[Captioned web images]

--------------------------------

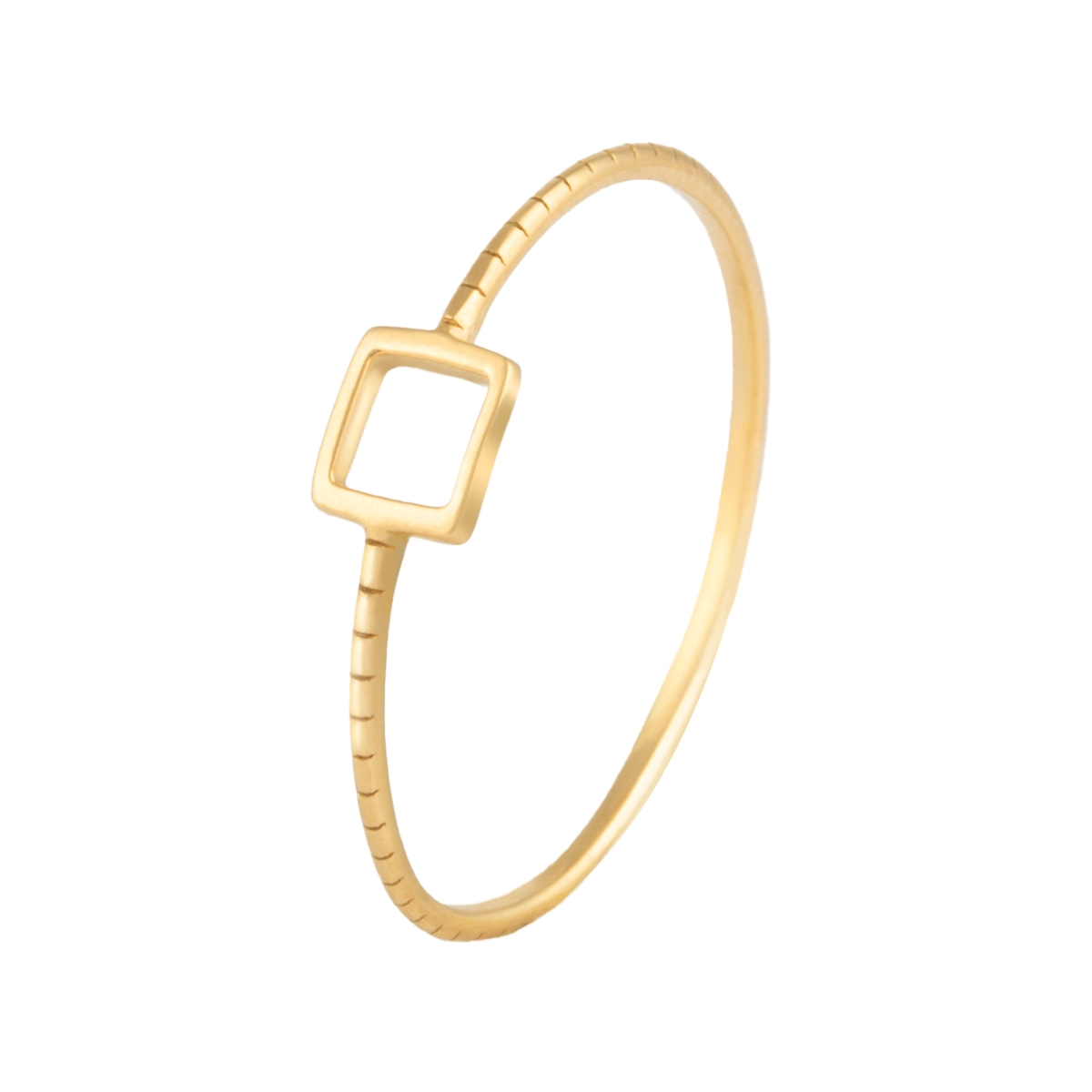 انگشتر مربع توخالی راه راه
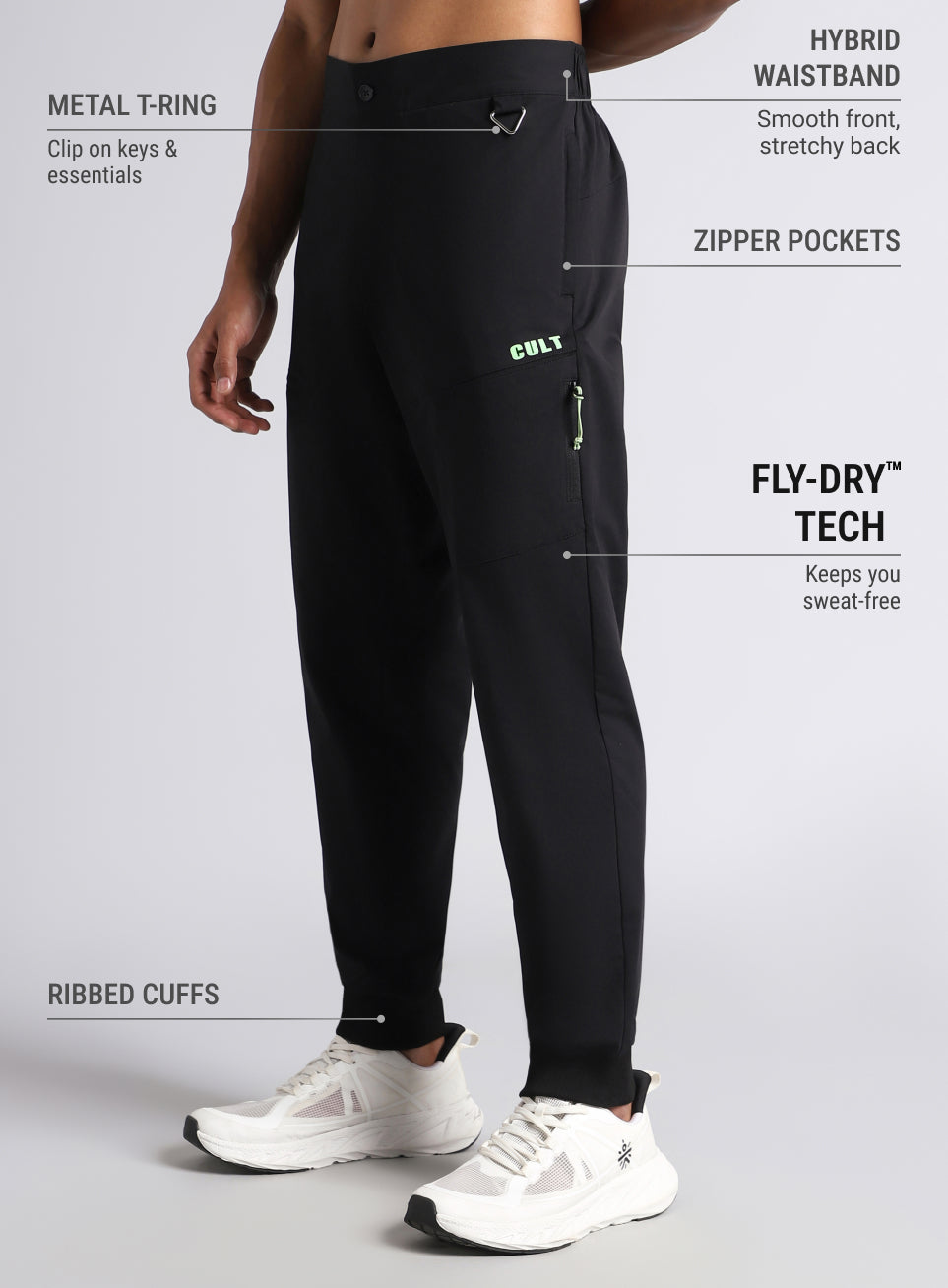 Men's Black Metro Commute Joggers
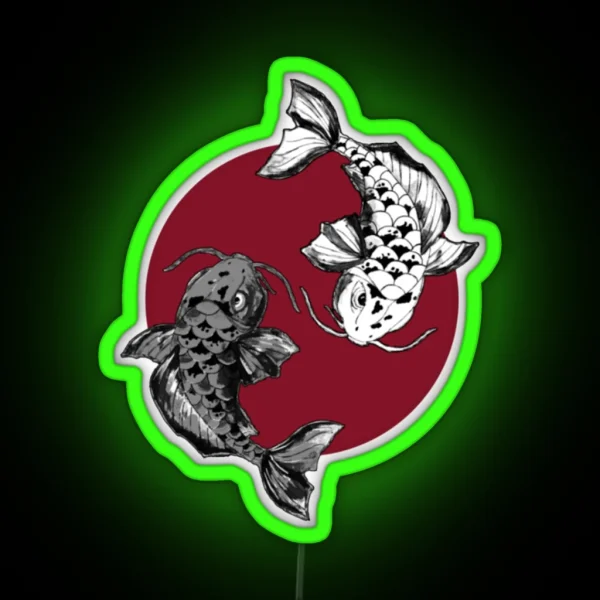 SNS Koi Fish RGB Neon Sign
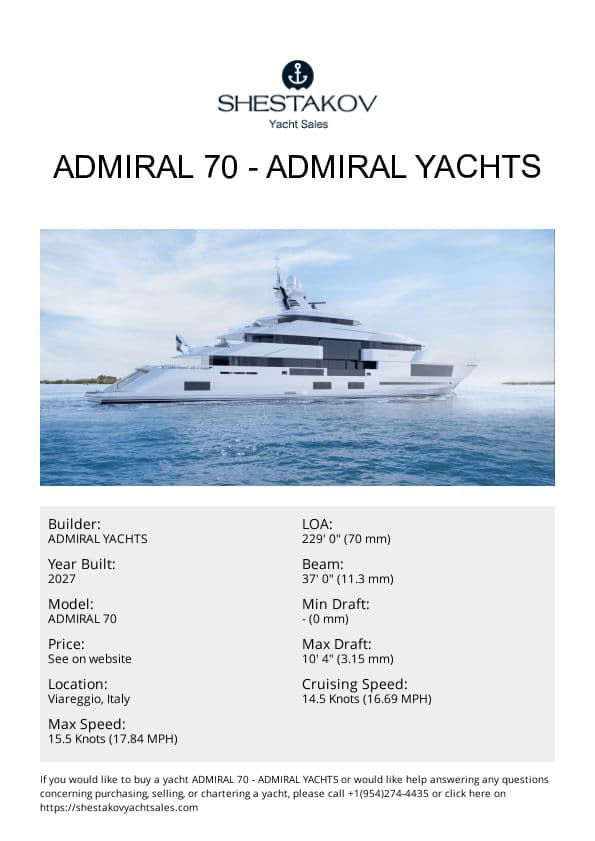 ADMIRAL 70 - ADMIRAL 70 - 2028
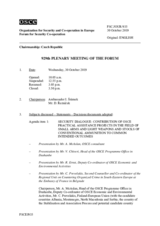 Journal of the 929th Plenary Meeting of the Forum for Security Co-operation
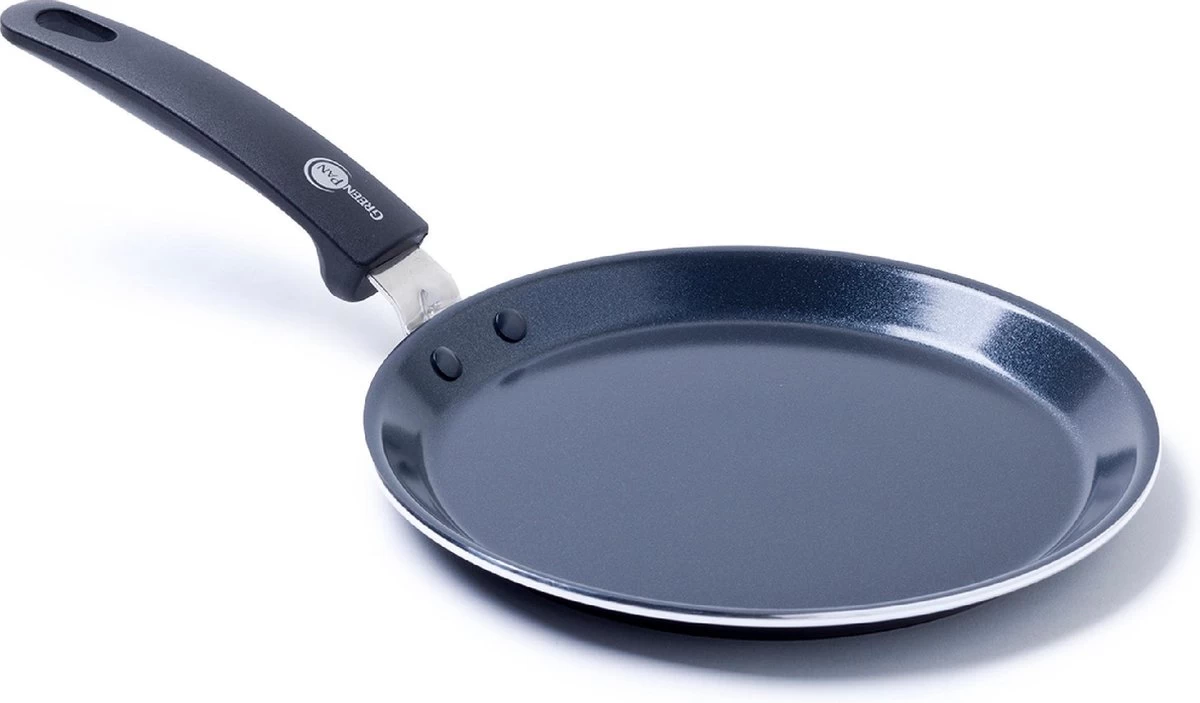 GreenPan Essentials Pannenkoekenpan 24cm - Zwart - Inductie - PFAS-vrij 3 GreenPan Essentials Pannenkoekenpan 24cm - Zwart - Inductie - PFAS-vrij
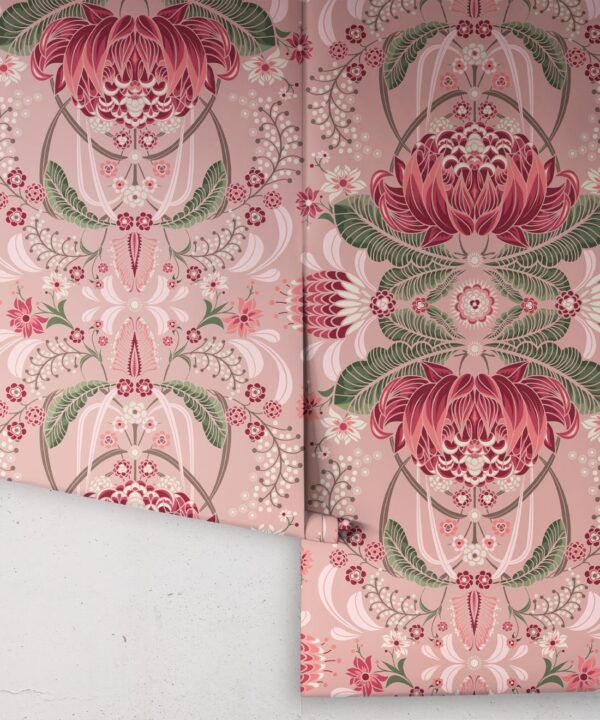 Bush Beauty Wallpaper • Pink • Rolls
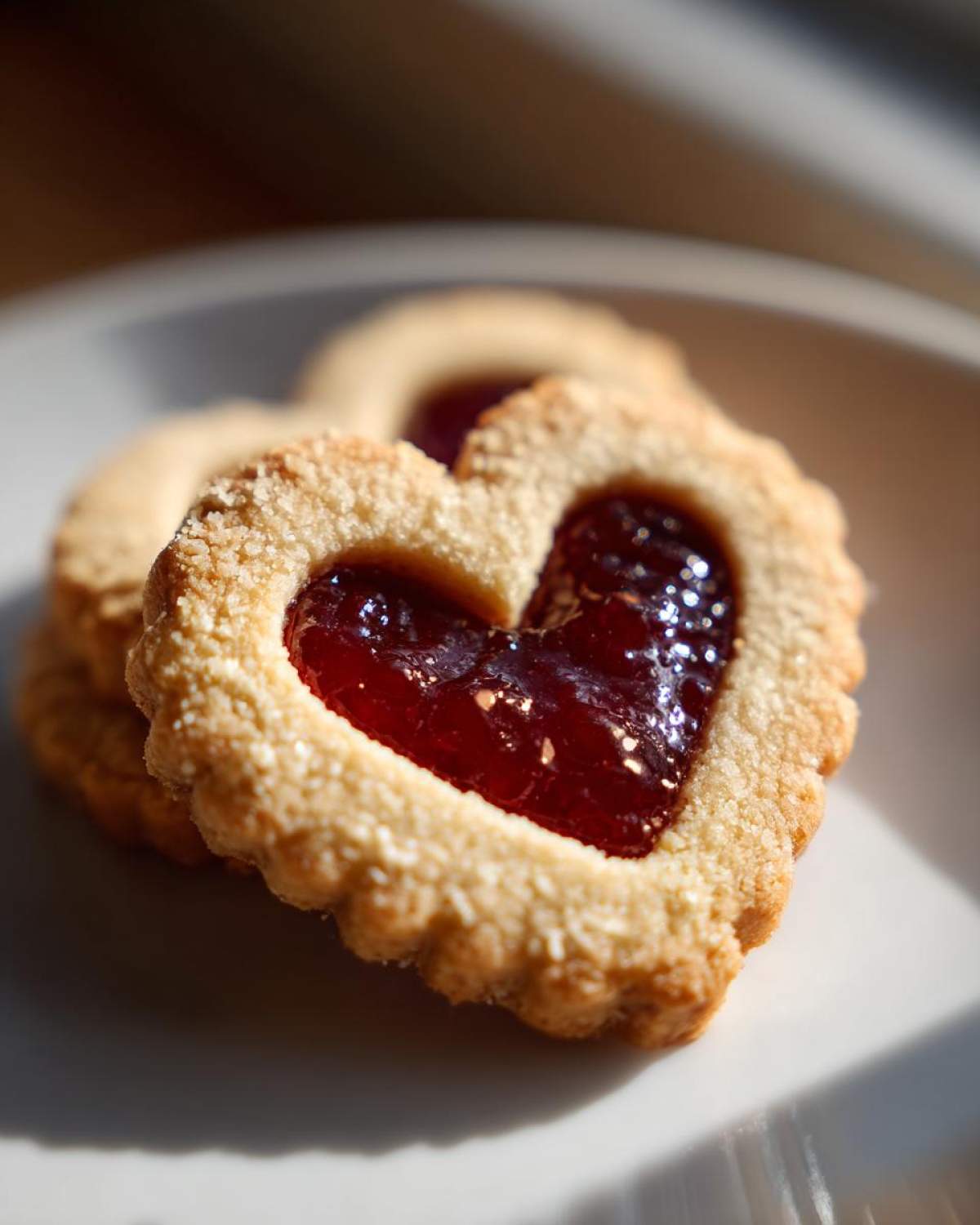 Cherry Almond Linzer Cookies - detail 1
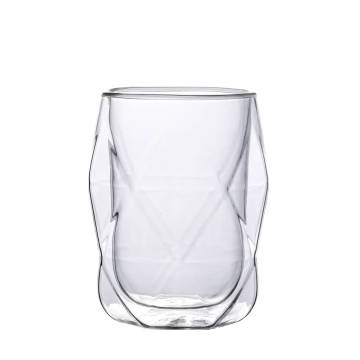 Double Wall Glass Cups - Set of 6 | 350 ml | Hipomarket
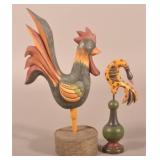 Two D Shaw, Penryn, PA Folk Art Bird Carvings.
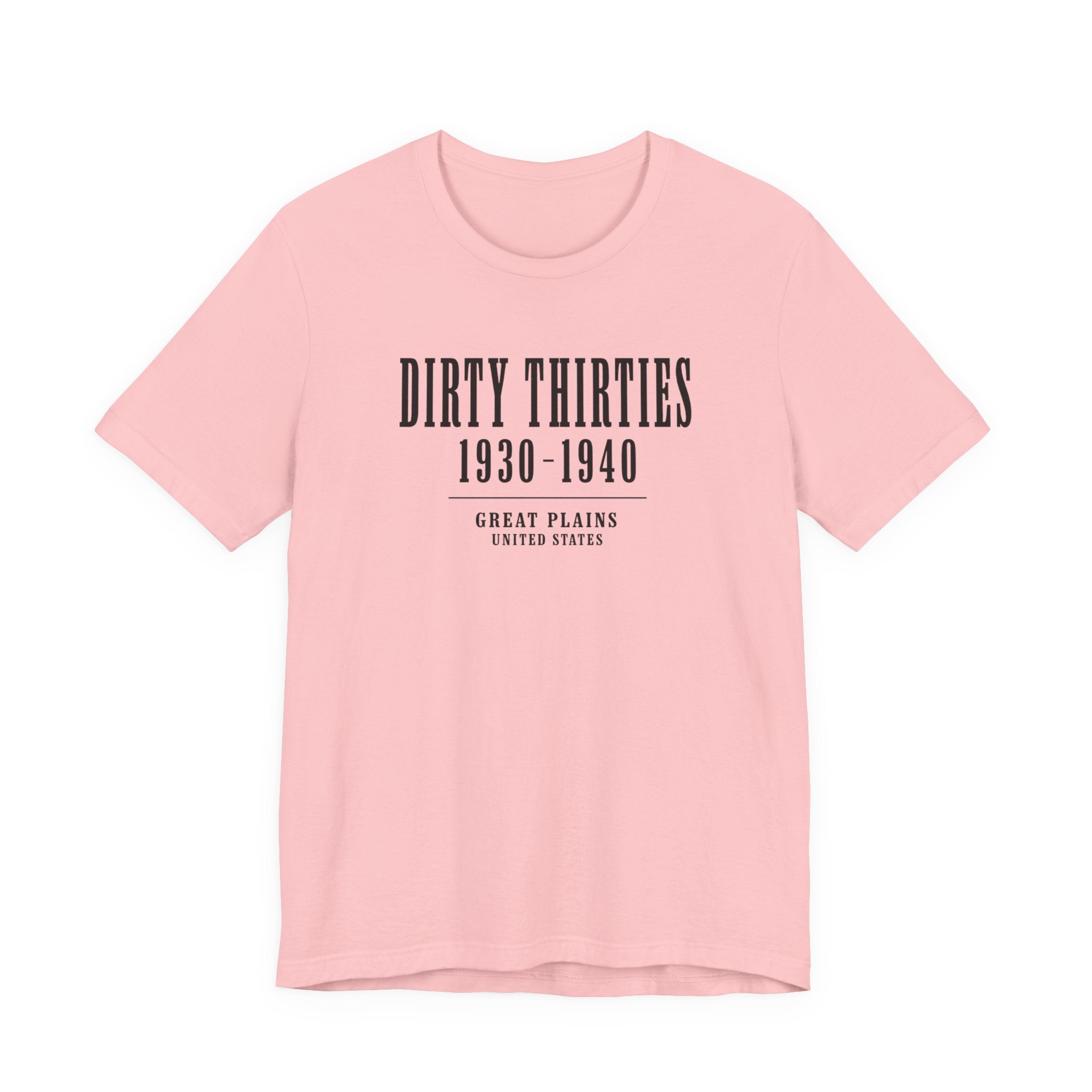 Dirty Thirties 1930–1940 vintage minimalist historical T-Shirt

--------------------------------

> [Try it]:
Transcribe the span of lines that runs from the line with "Two D Shaw, Penryn, PA" to the end of the data, both ends included, exactly, with nothing else and no pictures.

> [Reply]:
 Two D Shaw, Penryn, PA Folk Art Bird Carvings.
 Dirty Thirties 1930–1940 vintage minimalist historical T-Shirt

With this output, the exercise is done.